Font, Glasnamullen, Co. Wicklow
Co. Wicklow |
Religious Objects
Beside a church site in Glasnamullen, County Wicklow, there sits a block of granite whose precise purpose has never been fully resolved.
It is hexagonal in plan, measuring roughly 73 centimetres long and 66 centimetres wide, and its upper surface has been worked into a shallow sub-rectangular basin. That basin is the crux of the puzzle: it holds no drainage hole, which is unusual if the object was intended as a baptismal font, since fonts were typically designed to allow water to be emptied after use. The absence of that small but functional detail has left open the possibility that the stone served instead as a cross-base, a socketed plinth into which a standing stone cross would have been set.

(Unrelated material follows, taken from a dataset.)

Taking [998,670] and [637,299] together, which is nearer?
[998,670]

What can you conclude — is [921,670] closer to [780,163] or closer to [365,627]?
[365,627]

Objects of this kind are not uncommon in early Irish ecclesiastical contexts, where the boundary between functional liturgical furniture and devotional sculpture could be blurry. A font, in its simplest form, is a vessel for holding the water used in baptism; a cross-base is structurally similar but serves as an anchor rather than a receptacle. The difficulty with this particular stone is that its basin is too shallow and irregular to function convincingly as either in the most clear-cut sense. It sits at a depth of between four and eleven centimetres, which suggests the hollowing was deliberate but modest. Whether the original cross or superstructure that might have explained its purpose has long since been lost, or whether the stone was always something of a hybrid form, is not known.